Hoja suelta de opinión del profesor Gilberto Loaiza Cano. Licenciado en Filología, Master en Historia y Doctor en Sociología. Profesor titular del Departamento de Filosofía, Universidad del Valle. Premio Ciencias Sociales y Humanas, Fundación Alejandro Ángel Escobar, 2012. Línea de investigación: Historia intelectual de Colombia.

lunes, 26 de junio de 2023

Pintado en la Pared No. 291

 

¿Qué es la historia intelectual?

El recurso más cómodo para responder esa pregunta es acudir a una seguidilla de autores y autoridades que de modo precedente han dicho algo al respecto; pero me temo que ese recurso, en vez de resolver la pregunta, la congestiona y nos llevará a confusiones. Un camino aparentemente sencillo sería tomar algunas fórmulas ya conocidas de François Dosse y repetirlas aquí o hurgar un poco más e ir hasta un ensayo de Hayden White de 1969 o tomar algo mucho más cercano, por ejemplo algunas reflexiones de Carlos Altamirano o de Elías J. Palti. Sin necesidad de citarlos, el resultado será que cada uno de ellos nos dirá algo un poco diferente, lo cual complica cualquier tentativa de definición.

Y allí, en esa dificultad, es que comenzamos a hallar un principio de posible respuesta.
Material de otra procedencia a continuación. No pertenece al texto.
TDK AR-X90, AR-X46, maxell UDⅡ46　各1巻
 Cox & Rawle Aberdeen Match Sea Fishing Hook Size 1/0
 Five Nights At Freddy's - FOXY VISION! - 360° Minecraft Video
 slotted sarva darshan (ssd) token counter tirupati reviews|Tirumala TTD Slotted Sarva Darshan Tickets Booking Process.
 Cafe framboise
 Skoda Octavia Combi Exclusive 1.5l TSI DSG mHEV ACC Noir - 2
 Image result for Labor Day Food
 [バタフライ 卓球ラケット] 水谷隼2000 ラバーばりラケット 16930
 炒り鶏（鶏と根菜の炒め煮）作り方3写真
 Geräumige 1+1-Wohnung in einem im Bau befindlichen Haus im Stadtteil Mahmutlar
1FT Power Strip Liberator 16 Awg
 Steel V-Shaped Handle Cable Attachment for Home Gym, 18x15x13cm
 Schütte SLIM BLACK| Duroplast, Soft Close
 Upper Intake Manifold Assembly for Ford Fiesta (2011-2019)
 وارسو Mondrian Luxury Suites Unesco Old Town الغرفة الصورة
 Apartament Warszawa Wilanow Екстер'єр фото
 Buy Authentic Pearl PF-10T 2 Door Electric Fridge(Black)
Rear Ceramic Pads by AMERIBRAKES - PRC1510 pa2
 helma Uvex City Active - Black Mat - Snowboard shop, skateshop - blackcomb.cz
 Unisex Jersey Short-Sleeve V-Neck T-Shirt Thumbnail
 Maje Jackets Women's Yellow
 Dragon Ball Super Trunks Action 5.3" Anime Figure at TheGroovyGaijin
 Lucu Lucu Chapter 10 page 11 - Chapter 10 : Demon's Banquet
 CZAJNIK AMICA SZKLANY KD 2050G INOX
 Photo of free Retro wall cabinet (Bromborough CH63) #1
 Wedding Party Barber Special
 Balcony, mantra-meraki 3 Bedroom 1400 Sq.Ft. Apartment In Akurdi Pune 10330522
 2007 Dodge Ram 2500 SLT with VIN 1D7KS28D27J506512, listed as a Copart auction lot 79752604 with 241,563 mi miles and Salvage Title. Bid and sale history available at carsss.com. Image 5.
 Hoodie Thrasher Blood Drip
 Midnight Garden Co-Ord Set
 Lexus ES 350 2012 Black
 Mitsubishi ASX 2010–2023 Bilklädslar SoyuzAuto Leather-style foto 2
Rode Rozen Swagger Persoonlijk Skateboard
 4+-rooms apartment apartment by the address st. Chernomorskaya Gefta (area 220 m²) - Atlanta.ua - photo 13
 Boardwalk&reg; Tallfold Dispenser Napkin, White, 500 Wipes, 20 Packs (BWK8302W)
La historia intelectual es una etiqueta inventada, de uso relativamente reciente entre nosotros, quizás las dos últimas décadas con fuerza en América latina, una etiqueta que contiene productos muy diversos. Diversos, pero afines en algo. La historia intelectual es un universo que aglutina los estudios de lo que de algún modo tiene el adjetivo intelectual. Todo aquello que tiene que ver con las creaciones intelectuales, todo aquello producido como bien simbólico para ser recibido, consumido, leído, descifrado, exhibido, discutido puede considerarse un hecho intelectual; llámese libro, periódico, poema, novela, ensayo político, tratado filosófico, cuadro, escultura, mural, obra de arte. Todas esas creaciones del intelecto han sucedido en diversas situaciones, las han producido agentes sociales en situaciones determinadas y han tenido diversas repercusiones en cada época.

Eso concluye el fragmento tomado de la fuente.